**WHAT THE TASK REQUIRES**
Required from the data below: the exact lines starting at the line containing "3446 Edgecreek Drive Property Photo 1" and ending at the line containing "ALDO LIVERANI SAS", with both ends kept and all pictures dropped.

**DATA RECORDS**
════════════════════
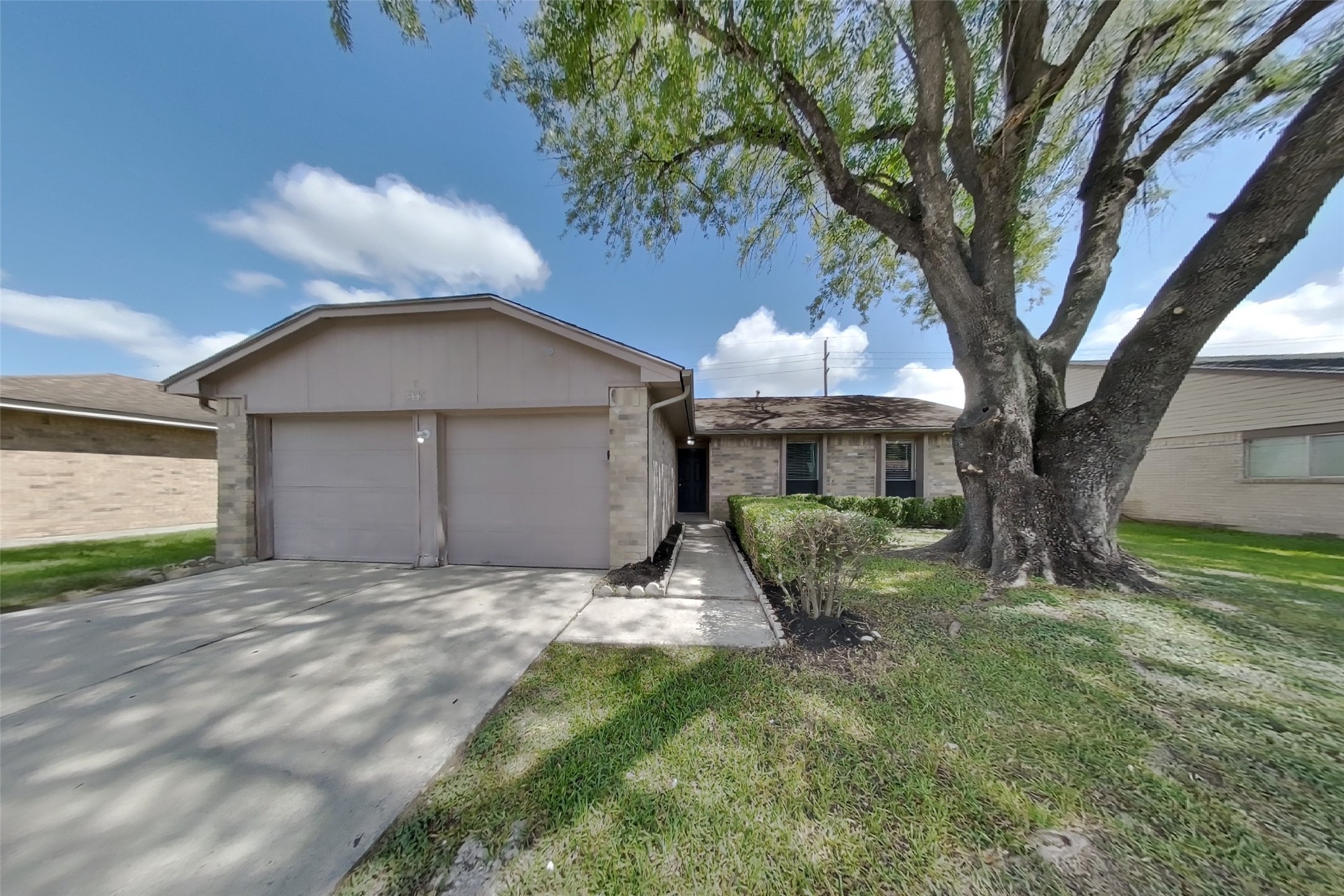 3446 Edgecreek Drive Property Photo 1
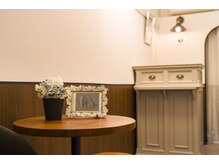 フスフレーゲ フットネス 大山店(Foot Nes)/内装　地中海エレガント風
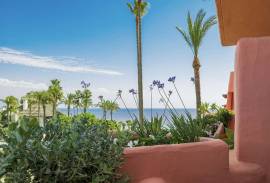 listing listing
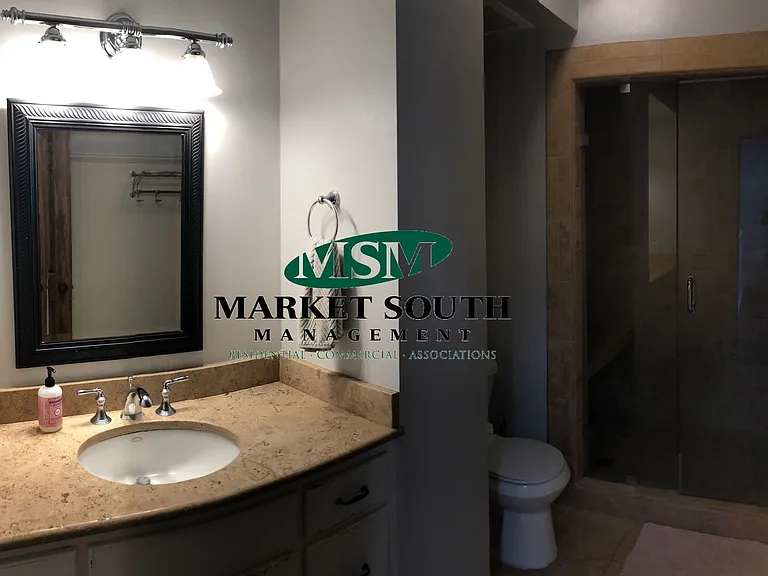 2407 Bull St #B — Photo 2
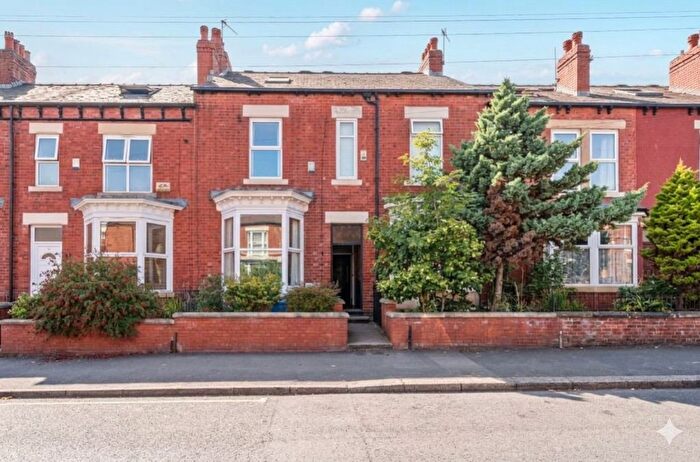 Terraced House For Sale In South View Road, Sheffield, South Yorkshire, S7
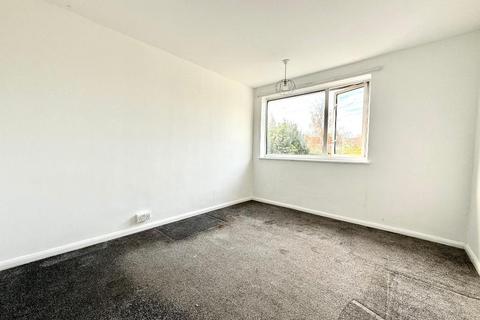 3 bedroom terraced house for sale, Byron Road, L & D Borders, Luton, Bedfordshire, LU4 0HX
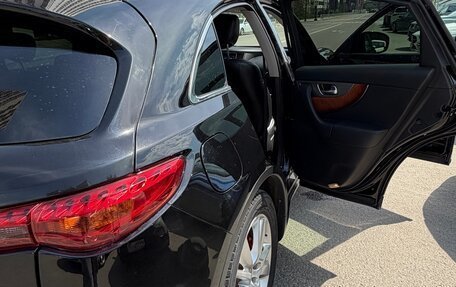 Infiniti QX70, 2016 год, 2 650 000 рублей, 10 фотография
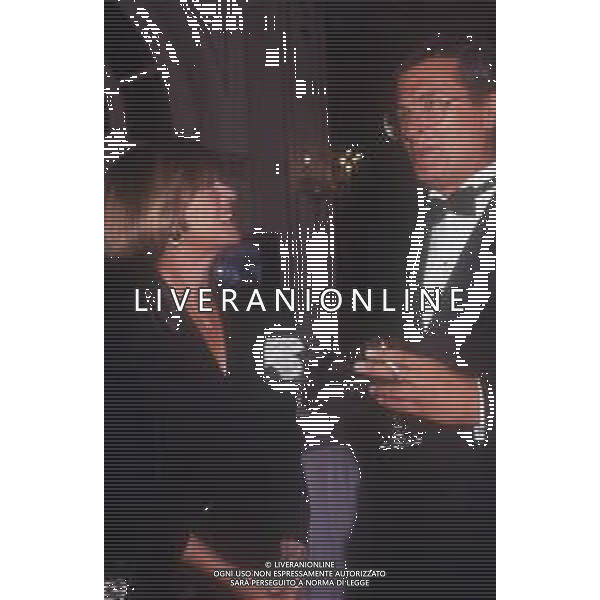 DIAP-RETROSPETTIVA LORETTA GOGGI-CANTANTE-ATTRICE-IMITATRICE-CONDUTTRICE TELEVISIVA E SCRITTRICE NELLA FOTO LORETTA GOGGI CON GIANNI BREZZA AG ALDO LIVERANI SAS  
════════════════════
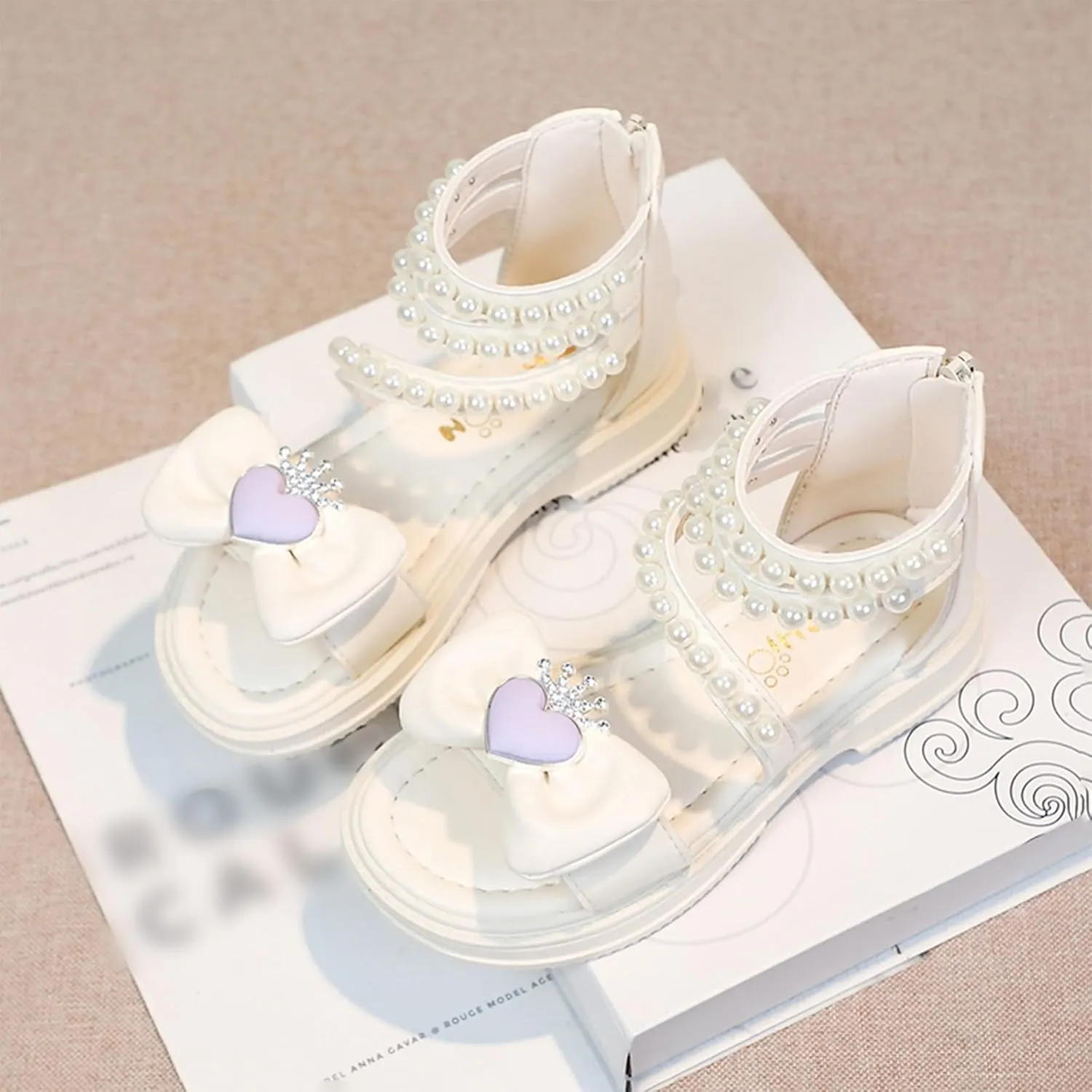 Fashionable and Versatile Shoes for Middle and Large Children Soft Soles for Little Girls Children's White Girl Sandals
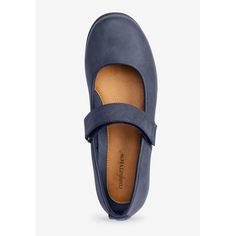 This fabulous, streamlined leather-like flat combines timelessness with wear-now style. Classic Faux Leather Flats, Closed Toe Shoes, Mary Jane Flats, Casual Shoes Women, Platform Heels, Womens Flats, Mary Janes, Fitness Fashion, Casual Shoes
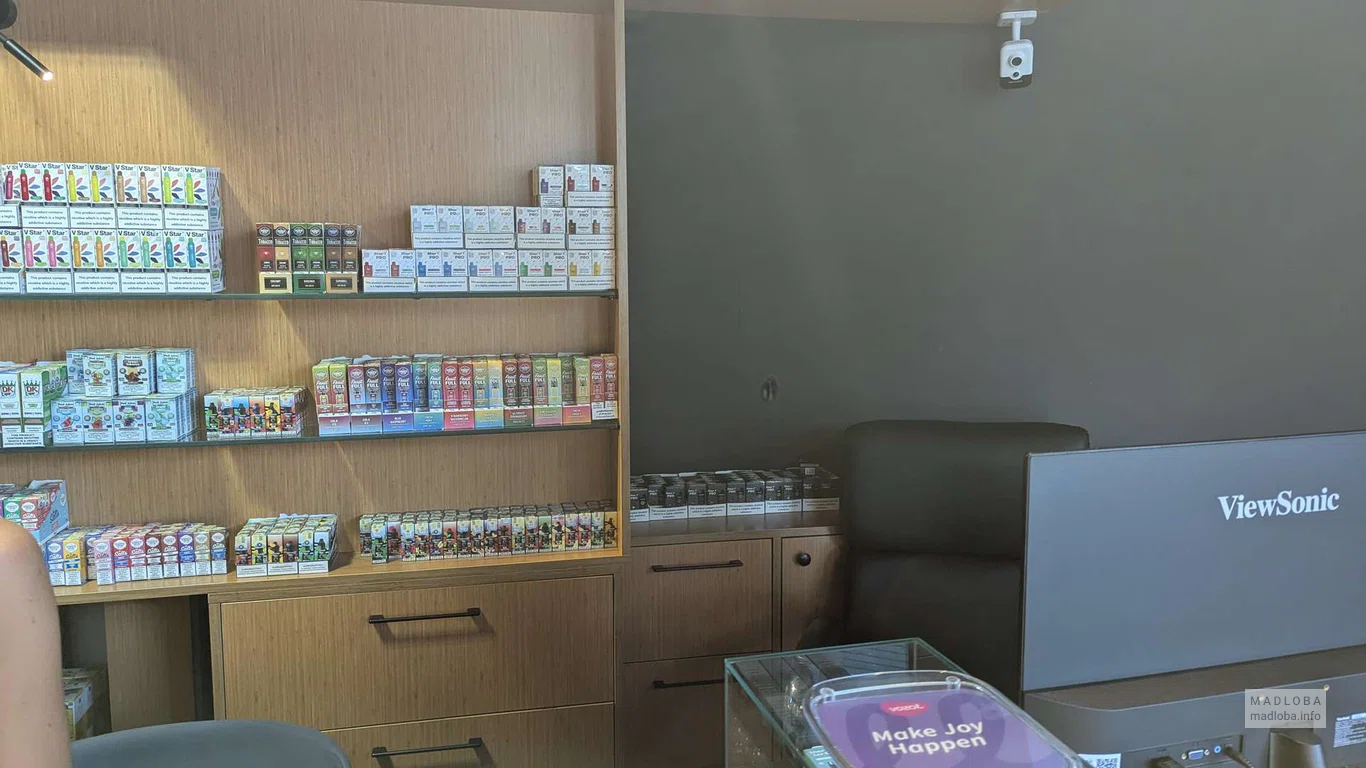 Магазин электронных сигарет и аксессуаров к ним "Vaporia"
════════════════════
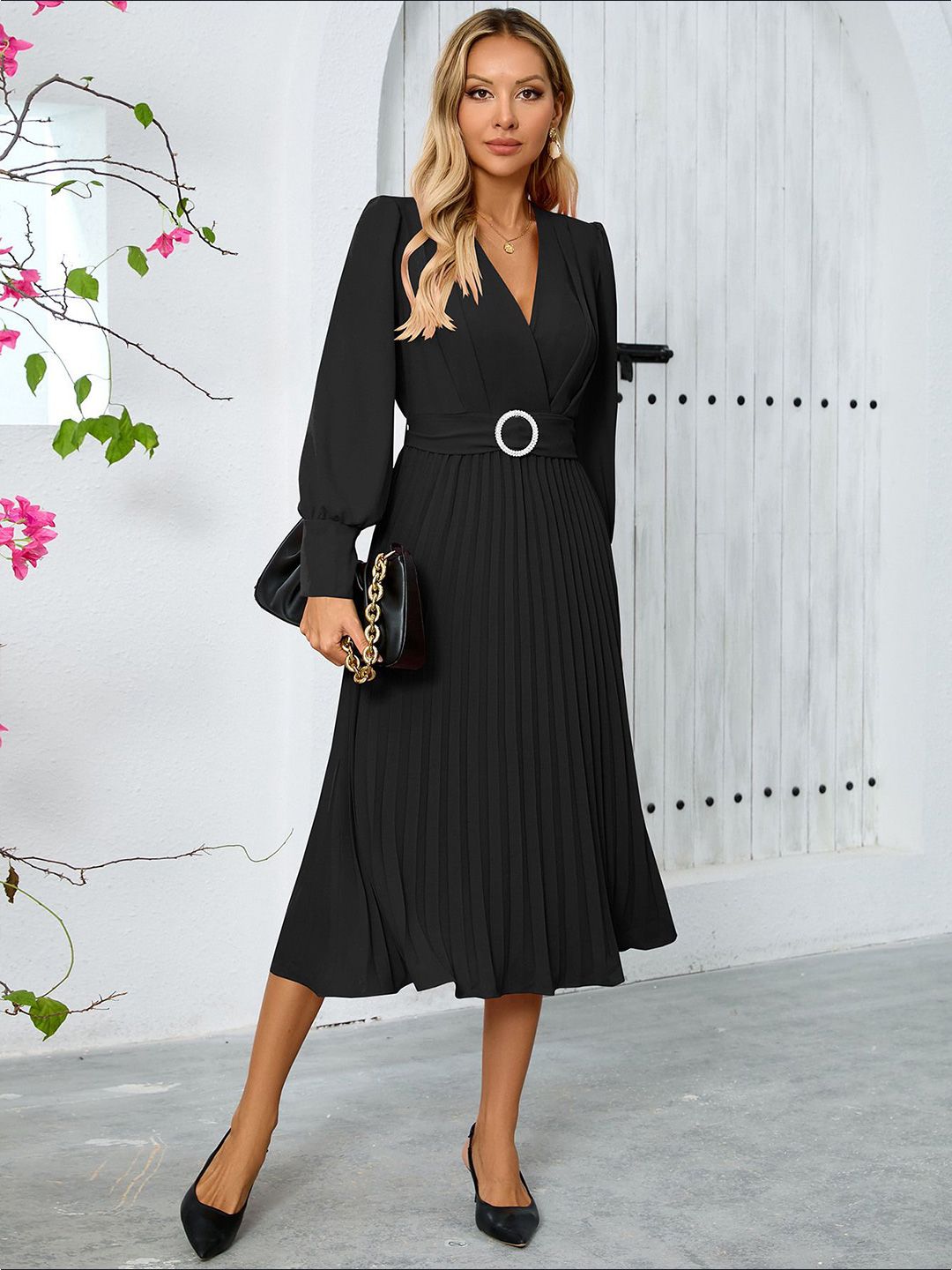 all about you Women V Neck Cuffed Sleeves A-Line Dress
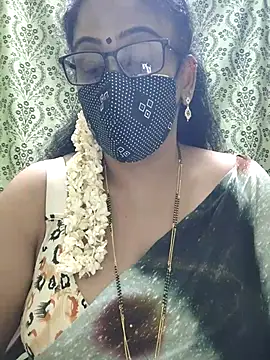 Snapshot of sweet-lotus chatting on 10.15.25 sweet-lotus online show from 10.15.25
════════════════════
**RESULT FOR THIS TASK**
 3446 Edgecreek Drive Property Photo 1
 フスフレーゲ フットネス 大山店(Foot Nes)/内装　地中海エレガント風
 listing listing
 2407 Bull St #B — Photo 2
 Terraced House For Sale In South View Road, Sheffield, South Yorkshire, S7
 3 bedroom terraced house for sale, Byron Road, L & D Borders, Luton, Bedfordshire, LU4 0HX
 Infiniti QX70, 2016 год, 2 650 000 рублей, 10 фотография
 DIAP-RETROSPETTIVA LORETTA GOGGI-CANTANTE-ATTRICE-IMITATRICE-CONDUTTRICE TELEVISIVA E SCRITTRICE NELLA FOTO LORETTA GOGGI CON GIANNI BREZZA AG ALDO LIVERANI SAS  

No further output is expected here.